While it would be inaccurate to say that I have a favorite Biblical verse, Midrash, or Halachah, there are several I have taught many times.
What I have learned over and over again is that the Talmudic phrase (Chagiga 9b) — “One who reviews the material 100 times is not the same as one who does it 101 times” — is absolutely true. It often happens that, when I think I have “cracked” the real meaning of a text, in a discussion with my audiences and students, very frequently someone reveals a new, surprising, and welcome breakthrough.
One of the texts I have taught innumerable times during the last four or five decades is:
Mar Zutra said: Even a poor person who is supported by Tzedakah must give Tzedakah. (Gittin 7b).
I have read articles about homeless people who have taken change or a bill out of their pocket or purse — sometimes representing their next meal.
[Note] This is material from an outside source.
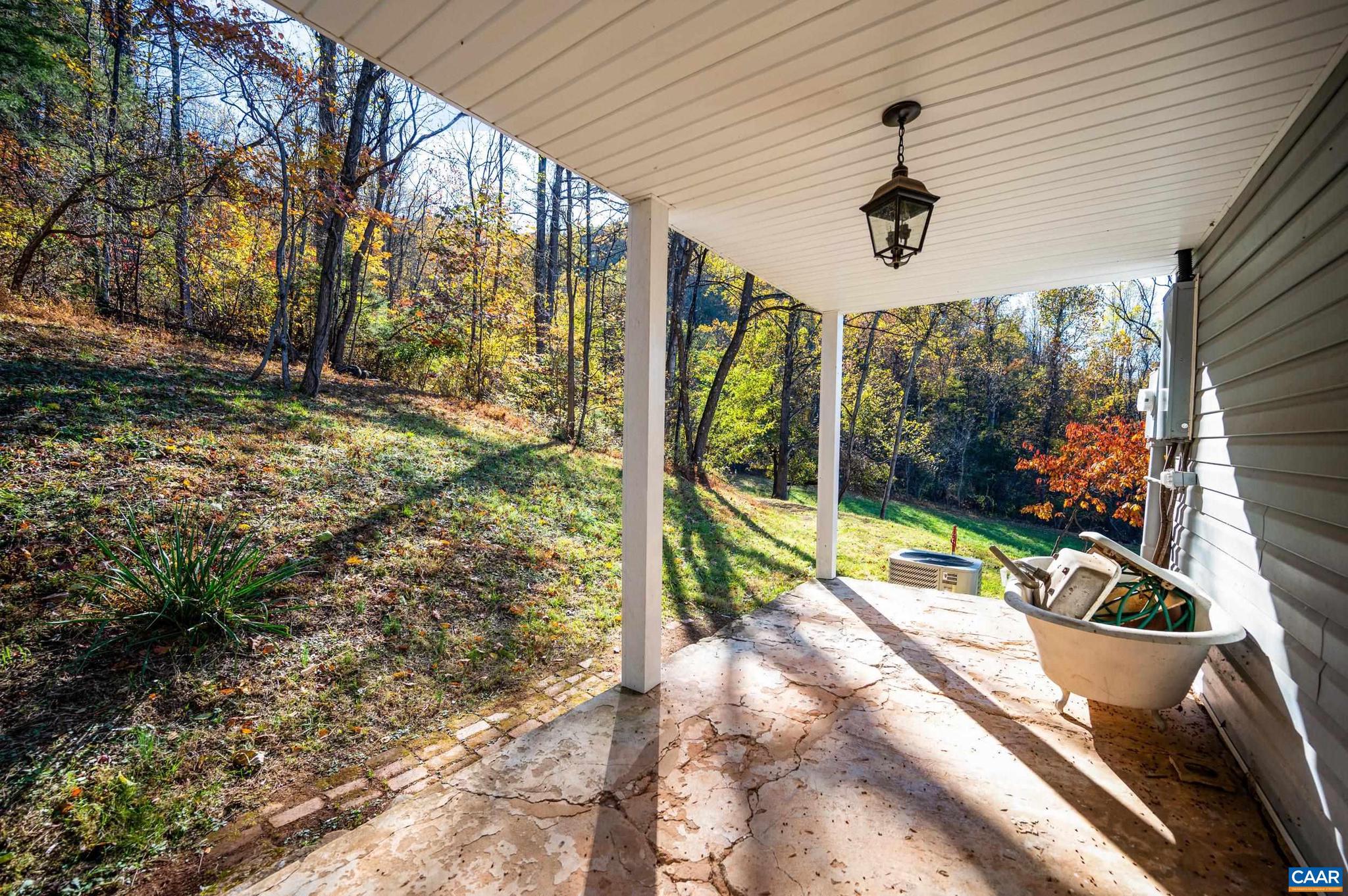 ROSELAND - Residential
The reporter has written the article because it, indeed, is very moving, and certainly unexpected. When I see these articles, I am not surprised, because I know the Talmudic text.
My audiences and students have offered a few reasons for Mar Zutra’s statement:
1. Inclusion: If someone is asking for donations from others, you would be denying the poor person his or her place within the chevra of other human beings.
2. The money: Whatever the goal is (in terms of the amount of Tzedakah to be raised), every donation makes a difference.
3. Empowerment: The poor person is generally a taker — in Mar Zutra’s example, one who is surviving on the givers to the communal Tzedakah fund. By the poor person’s giving, he or she has significantly changed the relationship.
4. Dignity: By not asking the poor person, we are essentially saying, “You are not worthy.” Diminishing the poor person’s human value is a dreadful wrong — a felony, not a mere misdemeanor. We are labeling that person as not really a someone, but part of an abstract category of “poor people”, or worse, “the poor”.
And I certainly believe that there is reason to assume that in my future Torah sessions there most assuredly will be more insights to add to the four listed above.